HIERBA SANTA
(Fragmento de Las Memorias del
Marqués de Bradomin)
. .. Grandes aldabadas sonaron en el silencio de la noche. Era el
mayordomo de mi madre, que venía buscándome. Manteníase ante la puerta, jinete
en una mula y con otra del diestro. Le interrogué desde la ventana: - ¿Ocurre
algo, Briones? - La señora, que está enferma... Bajé presuroso; sin cerrar la ventana,
que una ráfaga batió. Nos pusimos en camino con toda premura.

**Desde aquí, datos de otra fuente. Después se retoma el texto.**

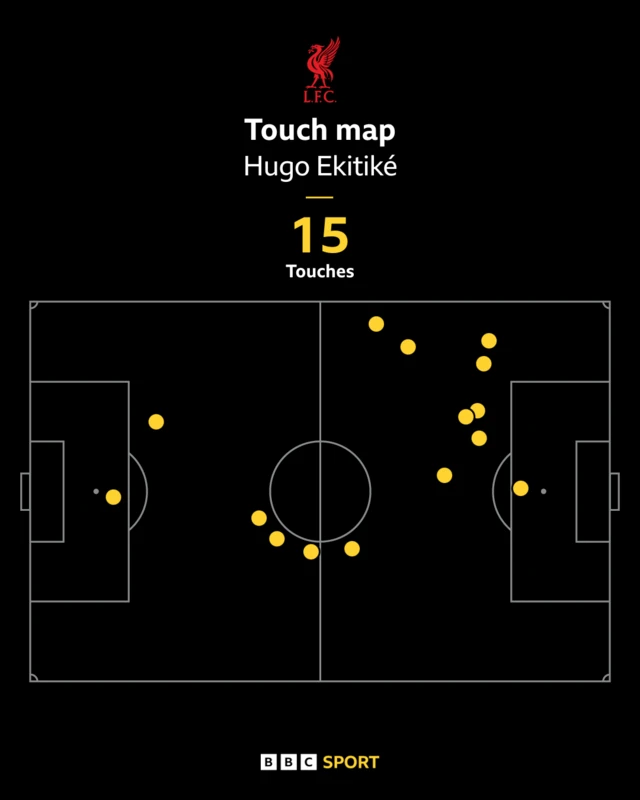 Hugo Ekitike touch map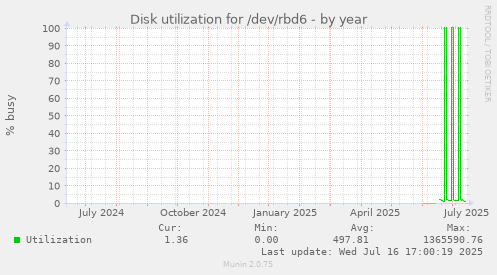 Disk utilization for /dev/rbd6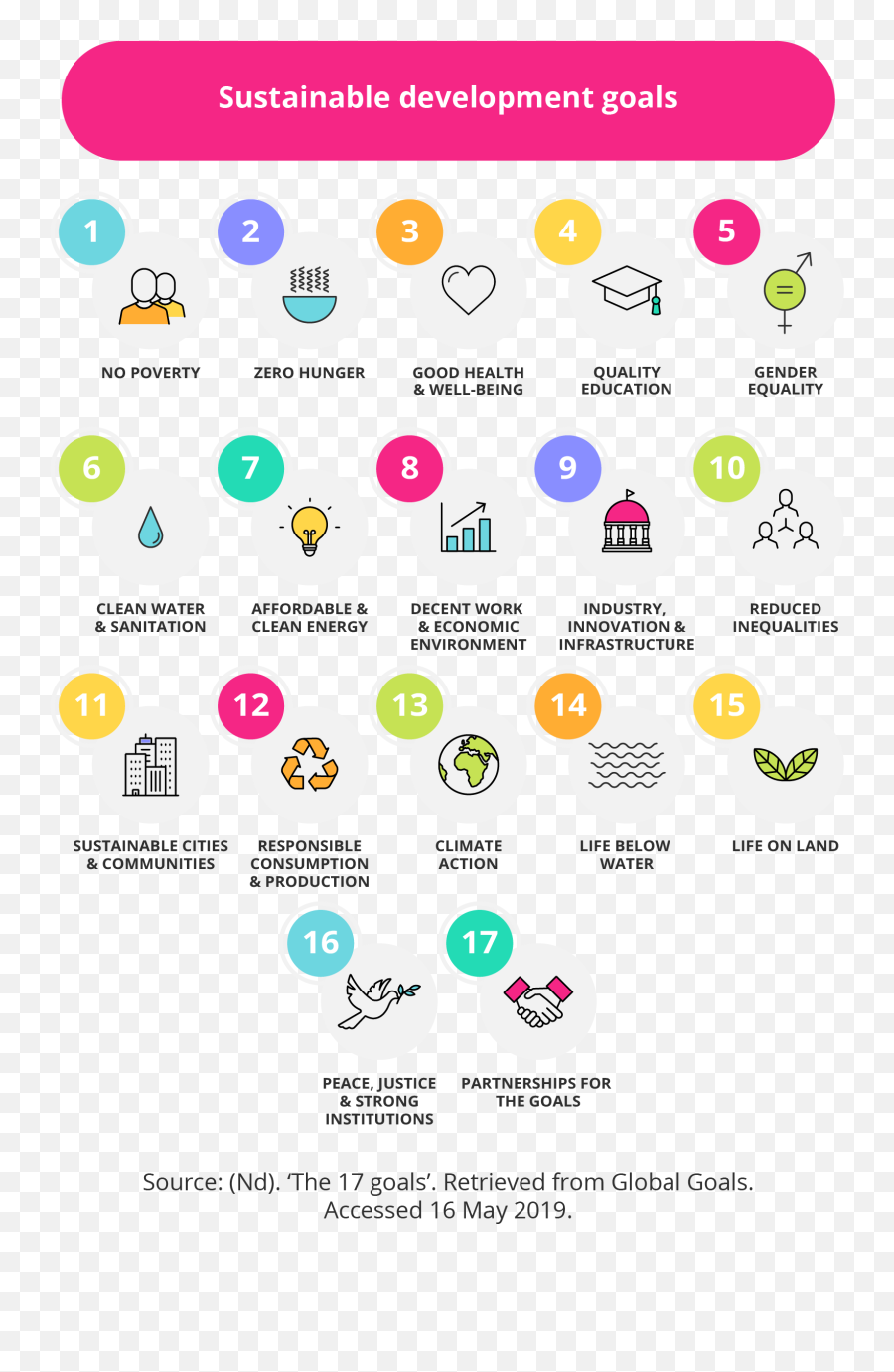 9 Tips For Growing A Sustainable Business Getsmarter Blog Emoji,Business Transparent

Cuando llegó el mayordomo, aún brillaban algunas estrellas en el
cielo; cuando partimos, oí cantar los gallos de la aldea. De todas suertes no llegaríamos
hasta cerca del anochecer. Había nueve leguas de jornada y malos caminos de
herradura trasponiendo monte. El mayordomo era un viejo aldeano, que llevaba
capa de juncos con capucha y madreñas. Adelantó su mula para enseñarme el
camino, y al trote cruzamos la aldea de San Clodio, acosados por el ladrido de
los perros que vigilaban en las eras; atados bajo los hórreos. Cuando salimos al
campo empezaba la claridad del alba. Vi en lontananza unas lomas
yermas y tristes, veladas por la
niebla. Traspuestas aquéllas, vi otras, y después otras. El sudario
ceniciento de la llovizna las envolvía; no acababan nunca. Todo el camino era
así. A lo lejos, por « La Puente del Prior », desfilaba una recua madrugadora,
y el arriero, sentado a mujeriegas en el rocín que iba postrero, cantaba a
usanza de Castilla.
El sol empezaba a dorar las cumbres de los montes; rebaños de ovejas
blancas y negras subían por la falda, y sobre verde fondo de praderas, allá en
el dominio de un Pazo, larga bandada de palomas volaba sobre el palomar
señorial. Acosados por la lluvia, hicimos alto en los viejos molinos de Gundar,
y como si aquello fuese nuestro feudo; llamamos autoritarios a la puerta.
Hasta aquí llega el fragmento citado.